** THE PROBLEM **
This exercise calls for duplicating every entry below exactly, without the images.

** SOURCE MATERIAL **
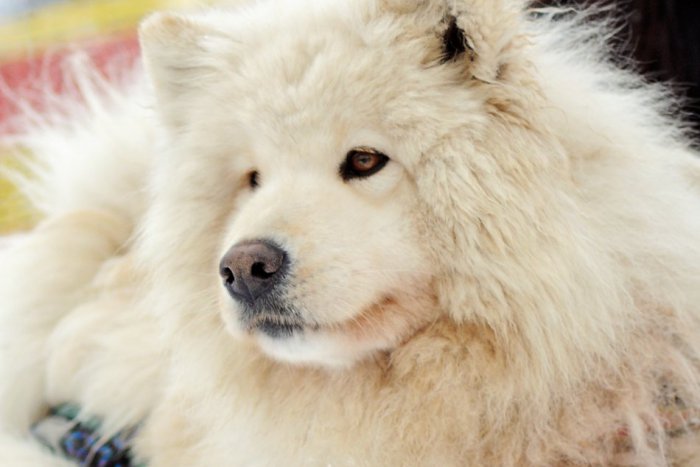 Ilustračný obrázok k článku Na letisku to roztočia naši štvornohí kamaráti: Čakajú nás preteky psích záprahov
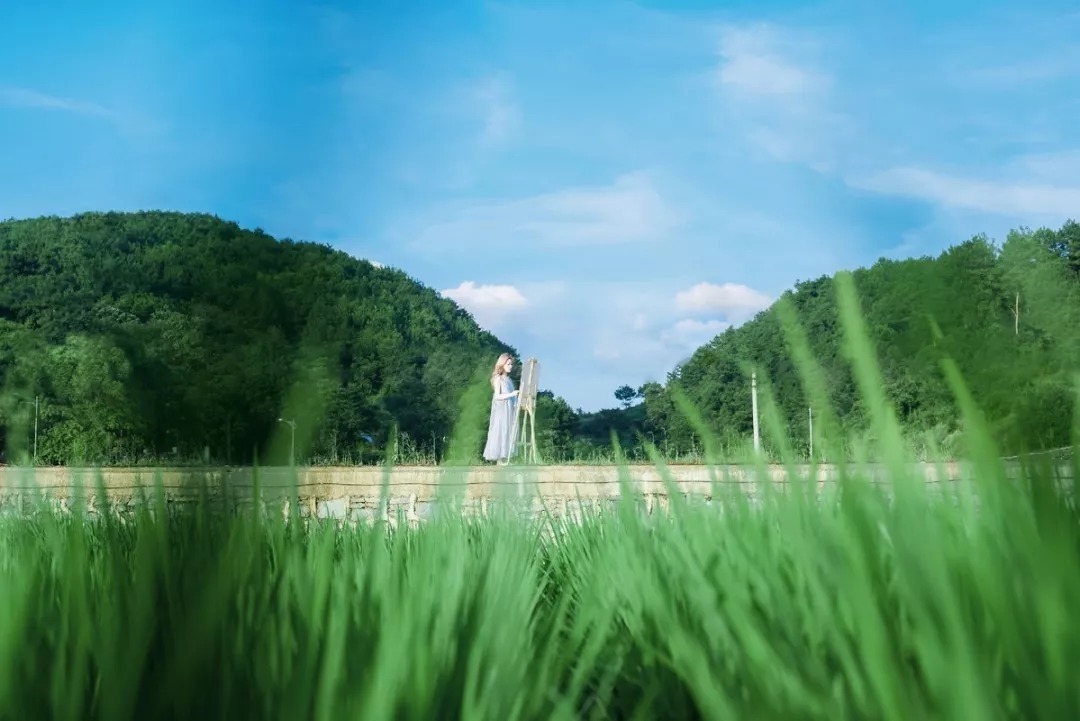 季羡林|世界上最便宜的长寿药，就一个字！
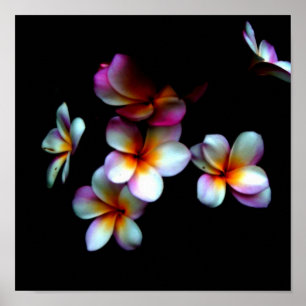 Poster frangipani photo print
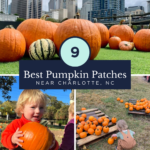 Collage showing pumpkins on grass with a city skyline, a child holding a pumpkin, and children picking pumpkins from wooden pallets. Text: 9 Best Pumpkin Patches Near Charlotte, NC. Discover the top-rated pumpkin patch Charlotte NC families love, or explore charming pumpkin patches near Charlotte NC for unforgettable fall memories.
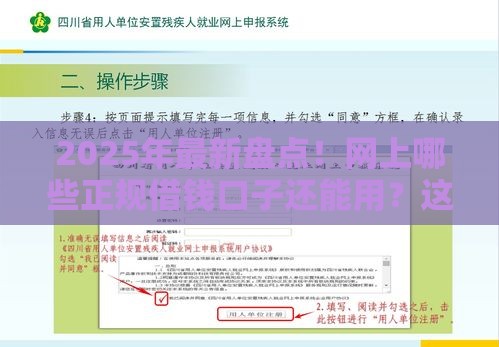 2025年最新盘点！网上哪些正规借钱口子还能用？这10个平台安全又靠谱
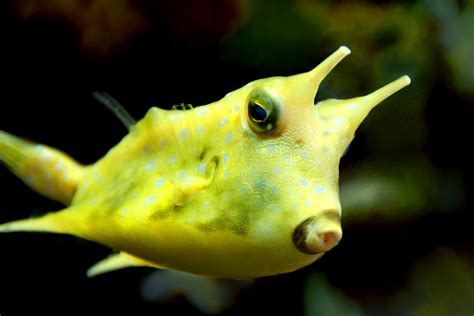 Cowfish .
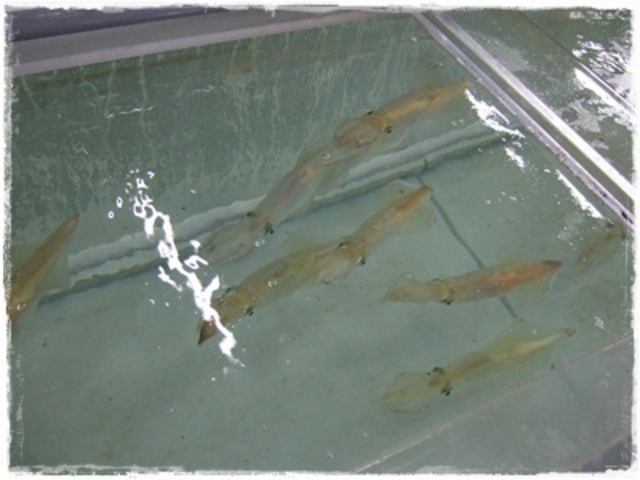 ʂ肩673̂ɂƂ@Ɏs̓eʐ^1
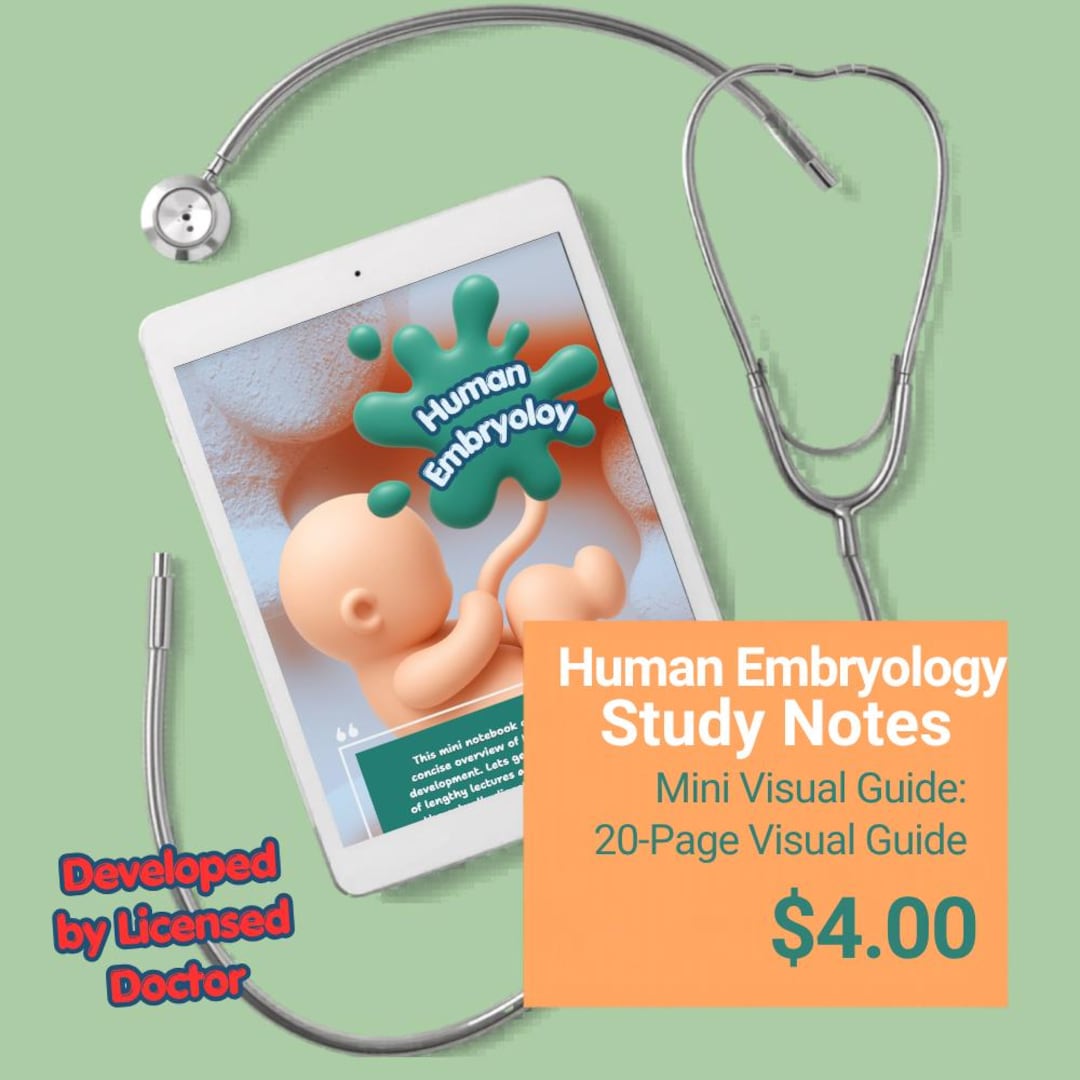 Human Embryology Study Notes | Prenatal Development Visual Guide (PDF ...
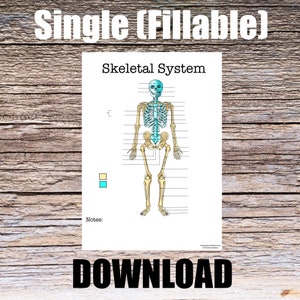 May include: A printable worksheet featuring a skeletal system diagram with blank lines for labeling. The diagram shows a human skeleton in a standing position with the bones labeled. The worksheet is titled "Skeletal System" and includes a key with two colored squares. The text "DOWNLOAD" is at the bottom of the page.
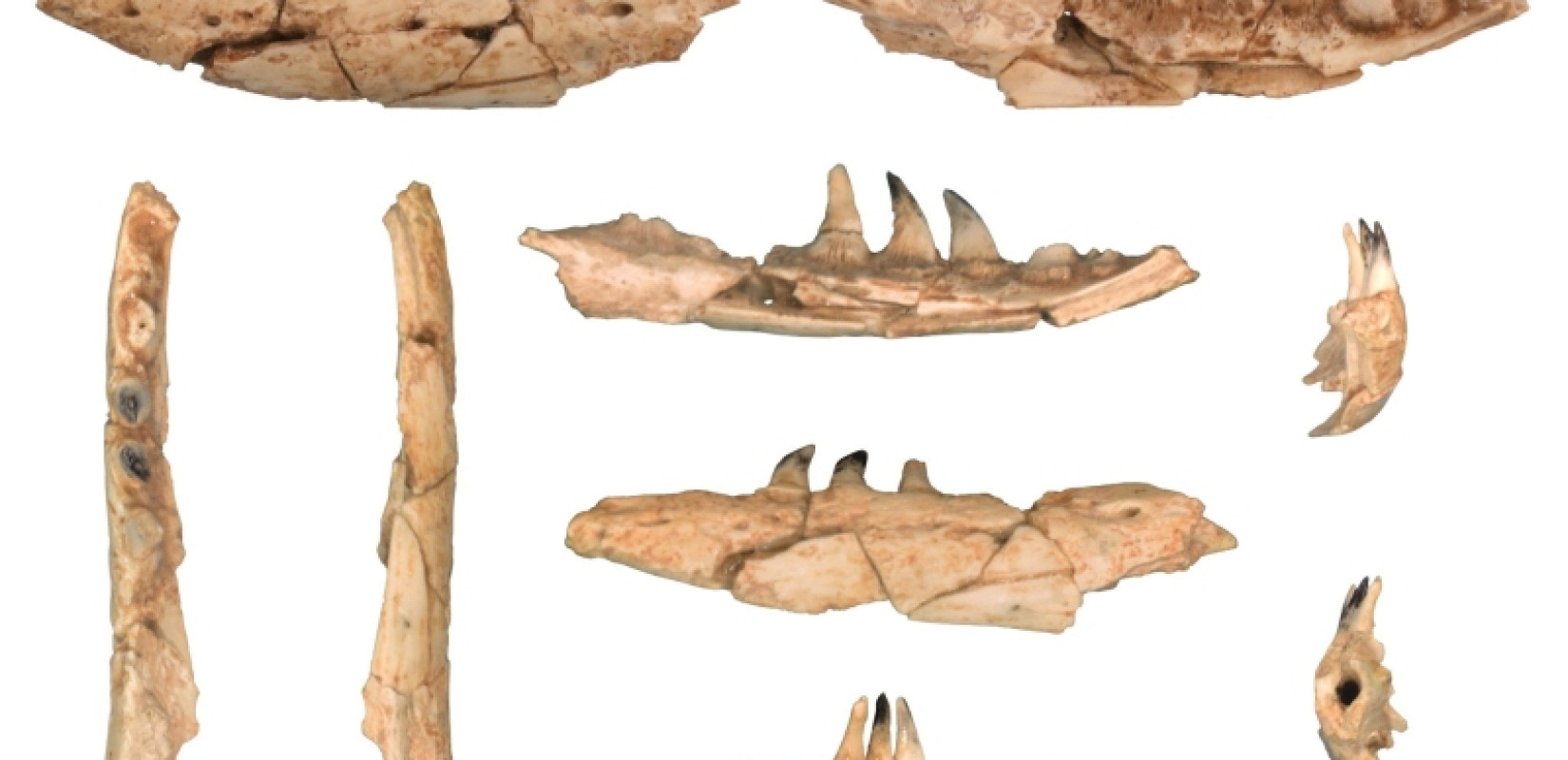 Γιγαντιαίος Δράκος πριν από 4 εκατ. χρόνια στη Θεσσαλονίκη: Το σπάνιο απολίθωμα που ήρθε στο φως Γιγαντιαίος Δράκος πριν από 4 εκατ. χρόνια στη Θεσσαλονίκη: Το σπάνιο απολίθωμα που ήρθε στο φως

** RESPONSE AREA **
 Ilustračný obrázok k článku Na letisku to roztočia naši štvornohí kamaráti: Čakajú nás preteky psích záprahov
 季羡林|世界上最便宜的长寿药，就一个字！
 Poster frangipani photo print
 Collage showing pumpkins on grass with a city skyline, a child holding a pumpkin, and children picking pumpkins from wooden pallets. Text: 9 Best Pumpkin Patches Near Charlotte, NC. Discover the top-rated pumpkin patch Charlotte NC families love, or explore charming pumpkin patches near Charlotte NC for unforgettable fall memories.
 2025年最新盘点！网上哪些正规借钱口子还能用？这10个平台安全又靠谱
 Cowfish .
 ʂ肩673̂ɂƂ@Ɏs̓eʐ^1
 Human Embryology Study Notes | Prenatal Development Visual Guide (PDF ...
 May include: A printable worksheet featuring a skeletal system diagram with blank lines for labeling. The diagram shows a human skeleton in a standing position with the bones labeled. The worksheet is titled "Skeletal System" and includes a key with two colored squares. The text "DOWNLOAD" is at the bottom of the page.
 Γιγαντιαίος Δράκος πριν από 4 εκατ. χρόνια στη Θεσσαλονίκη: Το σπάνιο απολίθωμα που ήρθε στο φως Γιγαντιαίος Δράκος πριν από 4 εκατ. χρόνια στη Θεσσαλονίκη: Το σπάνιο απολίθωμα που ήρθε στο φως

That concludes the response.